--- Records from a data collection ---
***
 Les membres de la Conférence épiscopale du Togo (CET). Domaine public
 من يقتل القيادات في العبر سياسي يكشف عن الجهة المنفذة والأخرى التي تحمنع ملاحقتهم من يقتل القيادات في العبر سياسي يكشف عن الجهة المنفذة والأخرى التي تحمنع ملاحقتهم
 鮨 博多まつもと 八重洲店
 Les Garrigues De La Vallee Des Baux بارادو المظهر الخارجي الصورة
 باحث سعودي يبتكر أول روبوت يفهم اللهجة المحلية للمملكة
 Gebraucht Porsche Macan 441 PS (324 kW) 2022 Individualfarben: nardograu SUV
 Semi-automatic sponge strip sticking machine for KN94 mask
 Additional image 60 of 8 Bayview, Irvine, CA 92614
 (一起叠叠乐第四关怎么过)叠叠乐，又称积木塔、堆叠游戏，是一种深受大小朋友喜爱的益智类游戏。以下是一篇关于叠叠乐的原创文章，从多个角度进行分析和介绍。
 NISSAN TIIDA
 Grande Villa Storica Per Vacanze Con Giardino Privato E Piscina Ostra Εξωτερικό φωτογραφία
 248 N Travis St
***
--- EXERCISE PROMPT ---
Give back the data above, repeating every record exactly.

--- ANSWER ---
 Les membres de la Conférence épiscopale du Togo (CET). Domaine public
 من يقتل القيادات في العبر سياسي يكشف عن الجهة المنفذة والأخرى التي تحمنع ملاحقتهم من يقتل القيادات في العبر سياسي يكشف عن الجهة المنفذة والأخرى التي تحمنع ملاحقتهم
 鮨 博多まつもと 八重洲店
 Les Garrigues De La Vallee Des Baux بارادو المظهر الخارجي الصورة
 باحث سعودي يبتكر أول روبوت يفهم اللهجة المحلية للمملكة
 Gebraucht Porsche Macan 441 PS (324 kW) 2022 Individualfarben: nardograu SUV
 Semi-automatic sponge strip sticking machine for KN94 mask
 Additional image 60 of 8 Bayview, Irvine, CA 92614
 (一起叠叠乐第四关怎么过)叠叠乐，又称积木塔、堆叠游戏，是一种深受大小朋友喜爱的益智类游戏。以下是一篇关于叠叠乐的原创文章，从多个角度进行分析和介绍。
 NISSAN TIIDA
 Grande Villa Storica Per Vacanze Con Giardino Privato E Piscina Ostra Εξωτερικό φωτογραφία
 248 N Travis St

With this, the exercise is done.